(Record set begins)

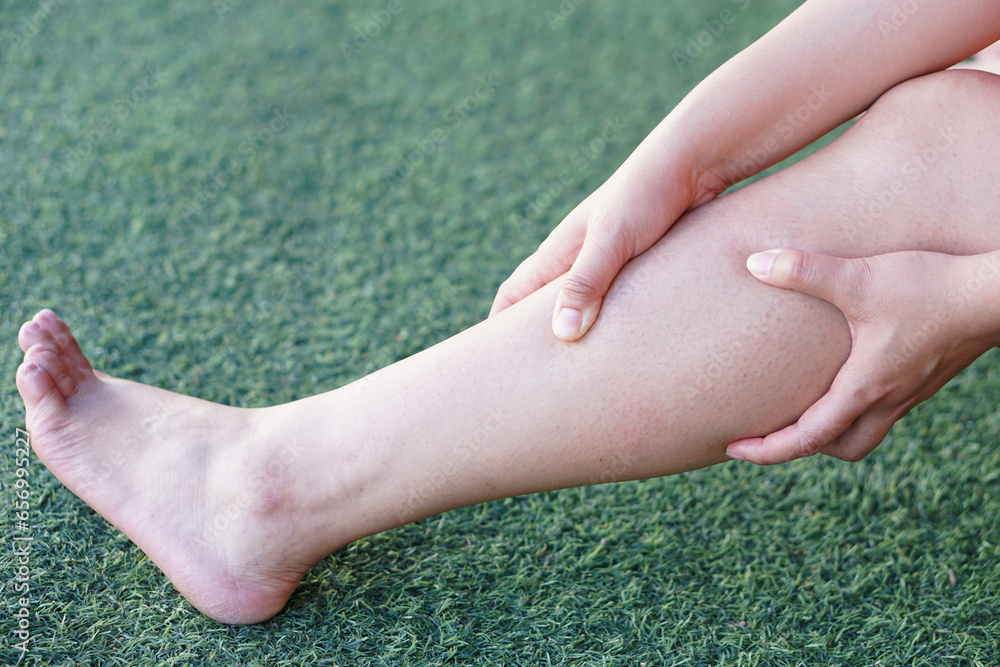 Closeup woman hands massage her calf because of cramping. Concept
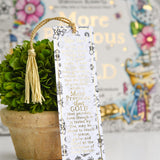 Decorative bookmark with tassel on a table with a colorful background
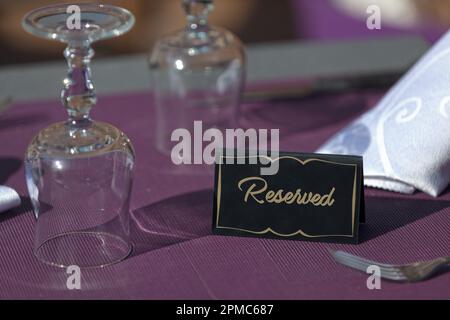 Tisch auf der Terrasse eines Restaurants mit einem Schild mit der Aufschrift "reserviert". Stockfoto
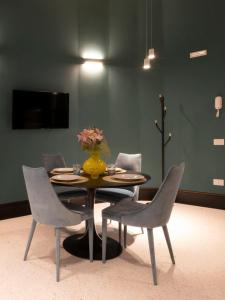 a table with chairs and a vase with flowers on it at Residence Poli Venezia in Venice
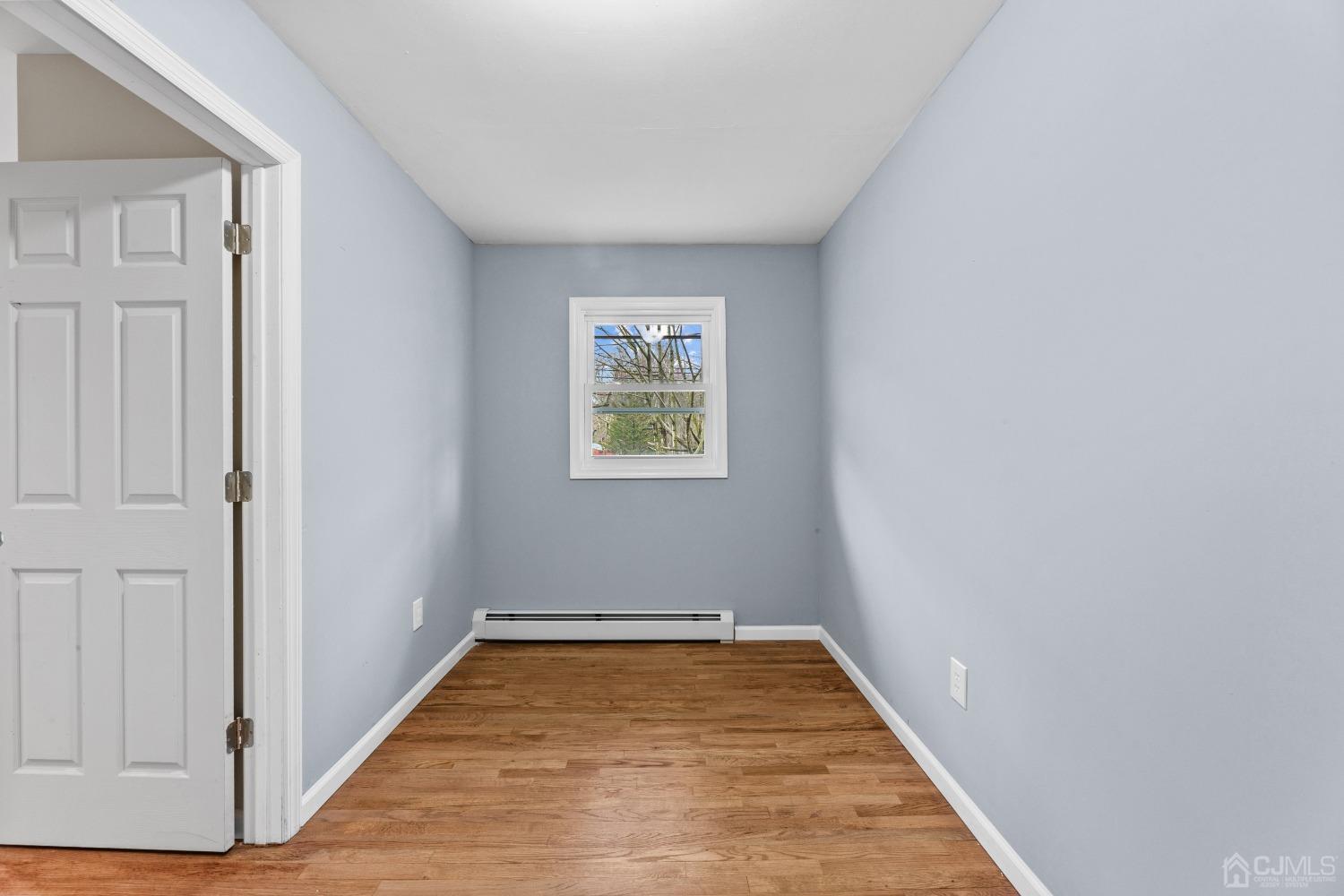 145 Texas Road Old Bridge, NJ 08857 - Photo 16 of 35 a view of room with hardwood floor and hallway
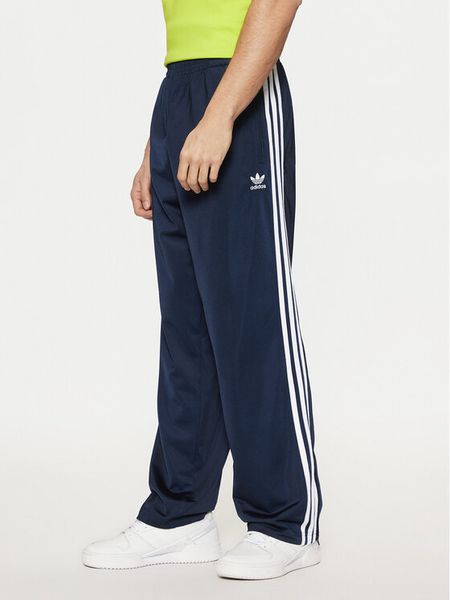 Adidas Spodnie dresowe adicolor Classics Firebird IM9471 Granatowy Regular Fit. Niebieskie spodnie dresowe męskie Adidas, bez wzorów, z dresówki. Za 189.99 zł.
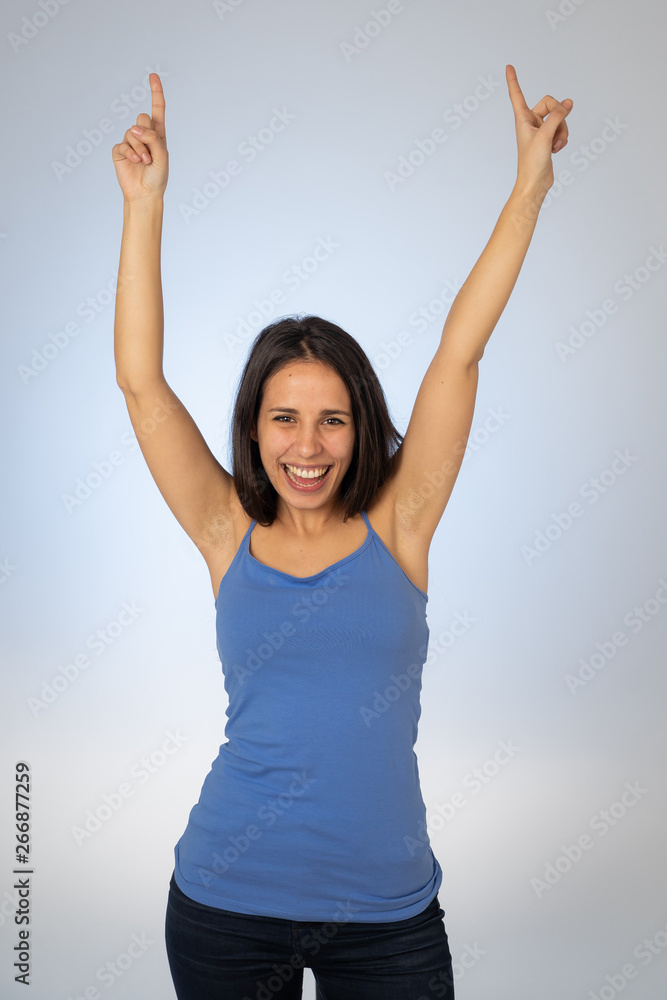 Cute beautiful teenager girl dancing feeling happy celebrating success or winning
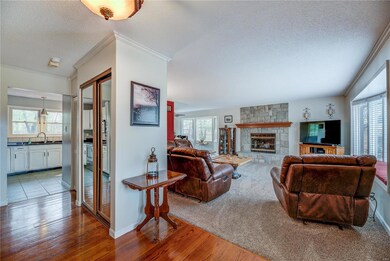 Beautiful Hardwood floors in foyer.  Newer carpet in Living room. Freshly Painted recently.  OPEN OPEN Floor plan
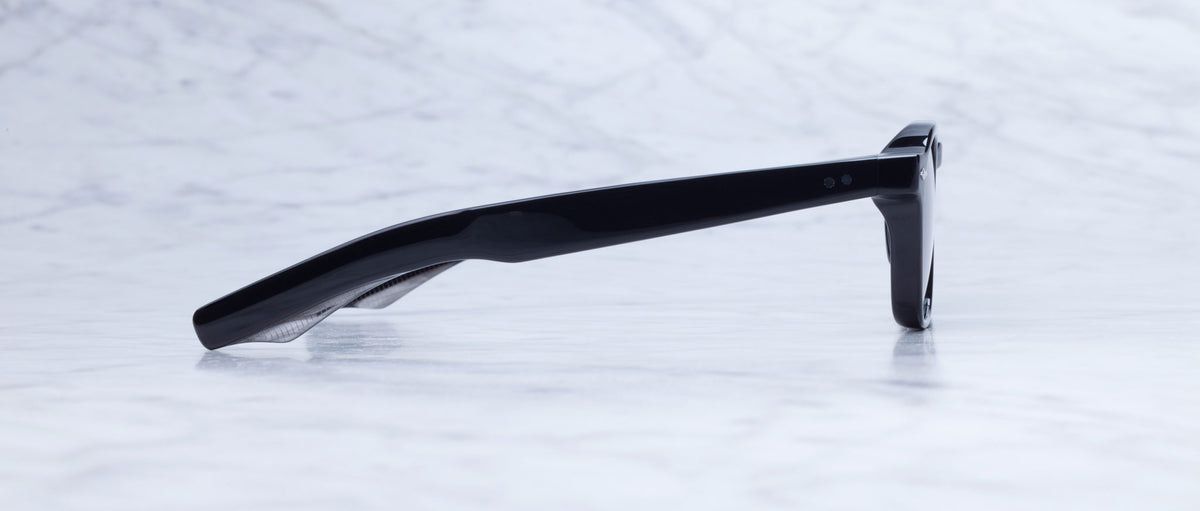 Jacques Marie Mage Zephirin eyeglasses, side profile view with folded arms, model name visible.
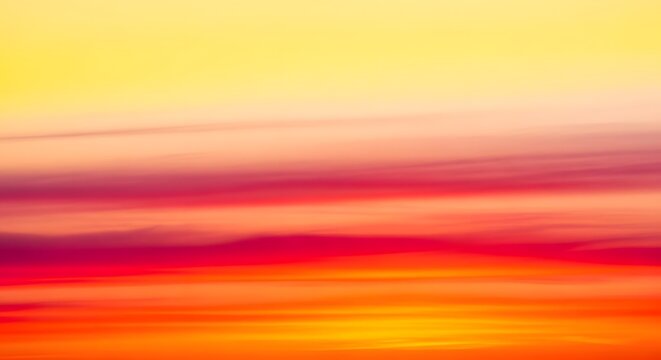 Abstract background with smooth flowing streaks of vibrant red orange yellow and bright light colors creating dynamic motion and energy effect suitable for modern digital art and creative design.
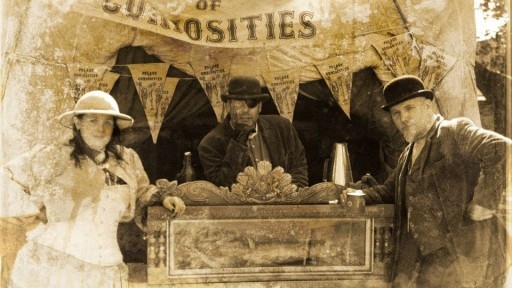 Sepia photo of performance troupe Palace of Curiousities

(Record set ends)

## Assignment
Look above for the line containing "Jacques Marie Mage", then retype it and each line after it to the end of the records, exactly and without pictures.

## Output for this task
 Jacques Marie Mage Zephirin eyeglasses, side profile view with folded arms, model name visible.
 Abstract background with smooth flowing streaks of vibrant red orange yellow and bright light colors creating dynamic motion and energy effect suitable for modern digital art and creative design.
 Sepia photo of performance troupe Palace of Curiousities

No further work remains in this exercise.